◆ Exercise description ◆
Since only the words are wanted, reproduce every entry exactly and leave the images behind.

◆ Task input ◆
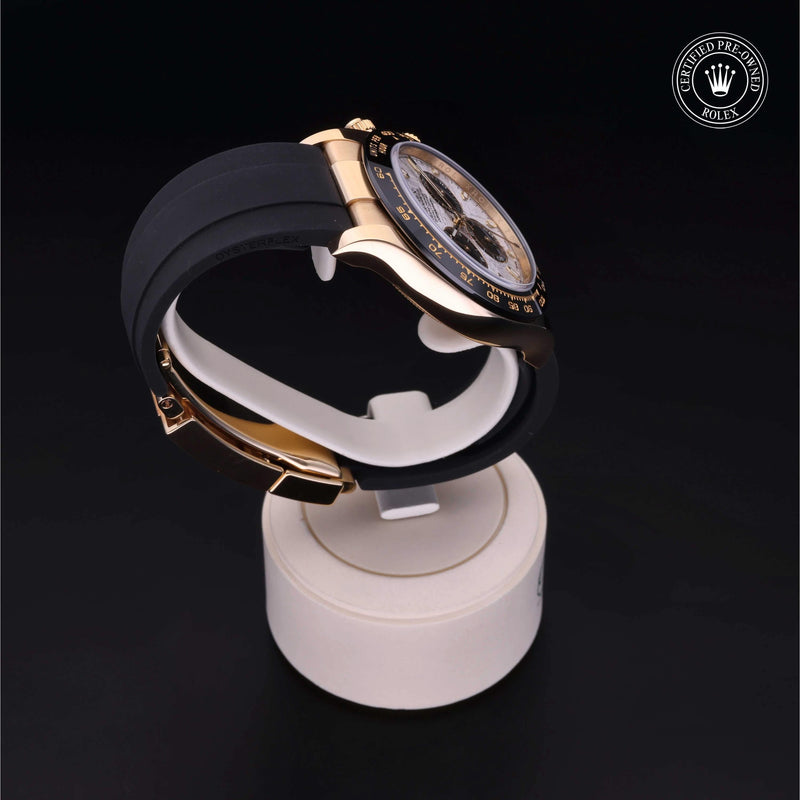 Cosmograph Daytona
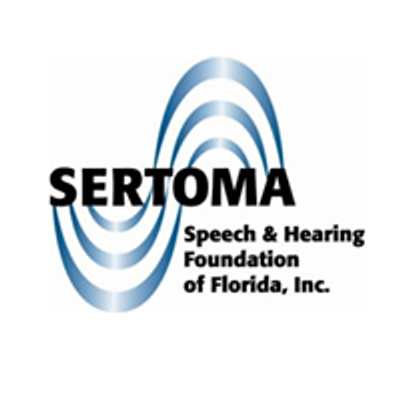 Sertoma Speech and Hearing Foundation of Florida, Inc.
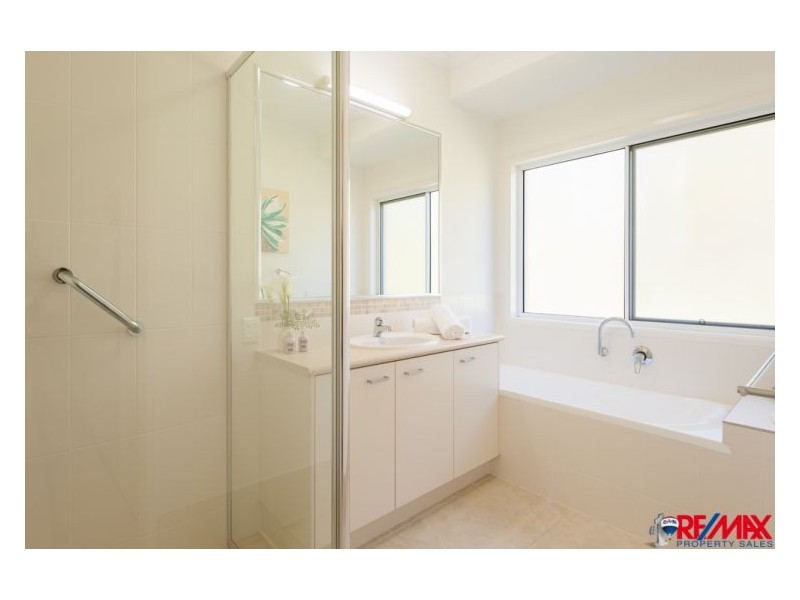 29B Stanley Street, Palmwoods QLD 4555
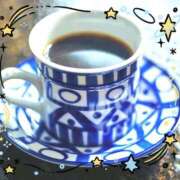 ヒメ日記 2026/01/22 07:20 投稿 小池涼子(こいけりょうこ) 五十路マダムエクスプレス厚木店(カサブランカグループ)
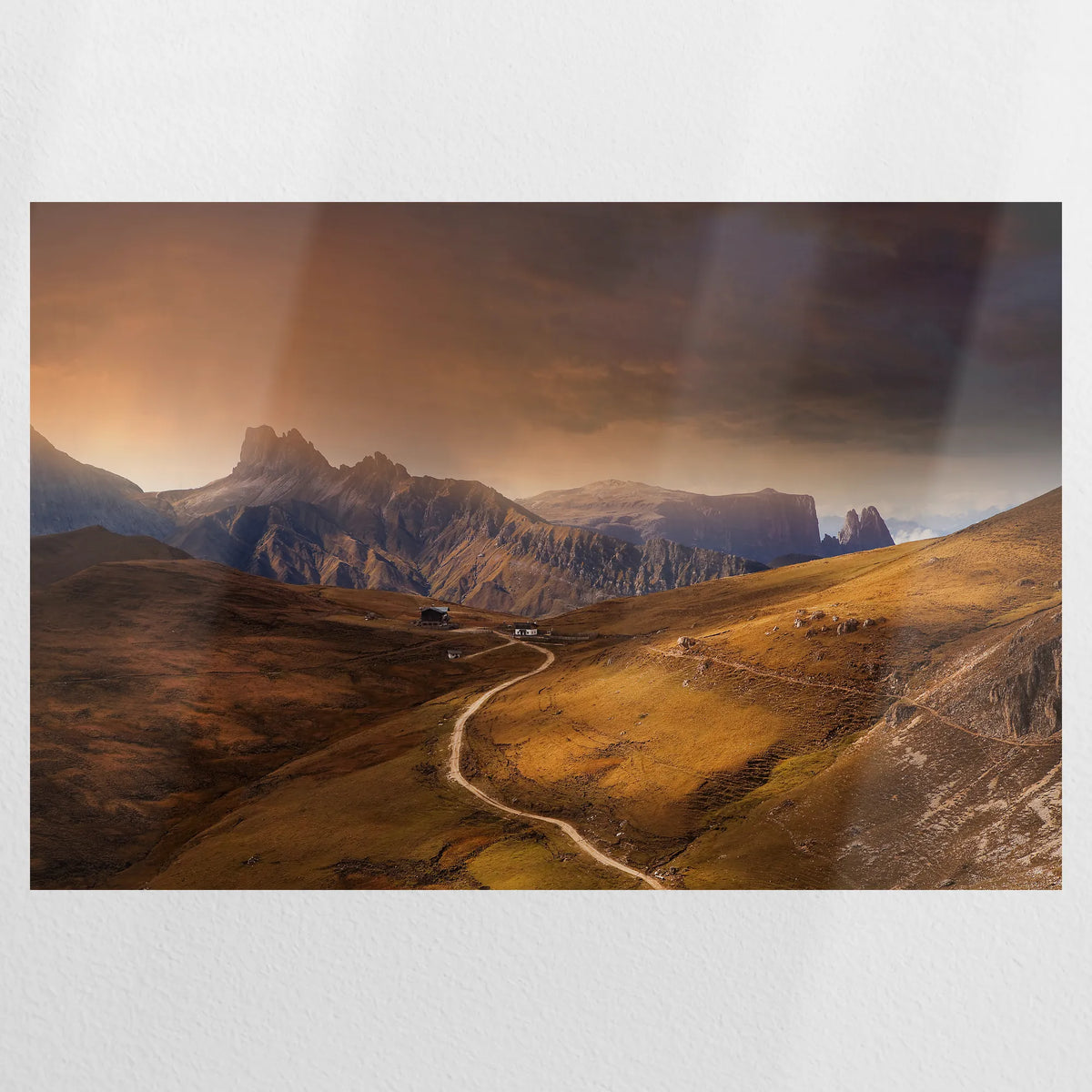 PO-120W080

◆ Reply ◆
 Cosmograph Daytona
 Sertoma Speech and Hearing Foundation of Florida, Inc.
 29B Stanley Street, Palmwoods QLD 4555
 ヒメ日記 2026/01/22 07:20 投稿 小池涼子(こいけりょうこ) 五十路マダムエクスプレス厚木店(カサブランカグループ)
 PO-120W080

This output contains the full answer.